(Disclaimer: the information here is accurate as of 12 May 2011, when it was written. Specifics of IWYU's policy, and even philosophy, may have changed since then. We'll try to remember to update this file as that happens, but may occasionally forget. The further we are from May 2011, the more you should take the below with a grain of salt.)
IWYU has the policy that you should #include
a declaration for every symbol you "use" in a file, or forward-declare it if possible. But what does it mean to "use" a symbol?
For the most part, IWYU considers a "use" the same as the compiler does: if you get a compiler error saying "Unknown symbol 'foo'", then you are using foo
. Whether the use is a 'full' use, that needs the definition of the symbol, or a 'forward-declare' use, that can get by with just a declaration of the symbol, likewise matches what the compiler allows.

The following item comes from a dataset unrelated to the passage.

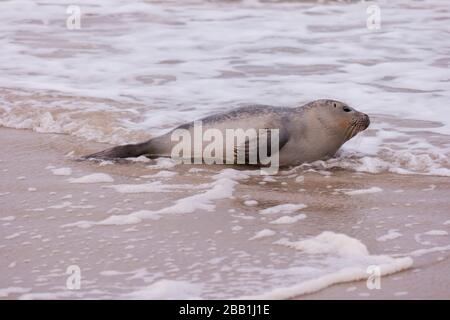 Dichtung am Strand von Amrum in Deutschland Stockfoto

This makes it sound like IWYU does the moral equivalent of taking a source file, removing #include
lines from it, seeing what the compiler complains about, and marking uses as appropriate. This is not what IWYU does. Instead, IWYU does a thought experiment: if the definition (or declaration) of a given type were not available, would the code compile? Here is an example illustrating the difference:
foo.h:
#include <ostream>
typedef std::ostream OutputEmitter;
bar.cc:
#include "foo.h"
OutputEmitter oe;
oe << 5;
Does bar.cc
"use" std::ostream
, such that it should #include <ostream>
? You'd hope the answer would be no: the whole point of the OutputEmitter
typedef, presumably, is to hide the fact the type is an std::ostream
. Having to have clients #include <ostream>
rather defeats that purpose. But IWYU sees that you're calling operator<<(std::ostream&, int)
, which is defined in <ostream>
, so naively, it should say that you need that header.
But IWYU doesn't (at least, modulo bugs). This is because of its attempt to analyze "author intent".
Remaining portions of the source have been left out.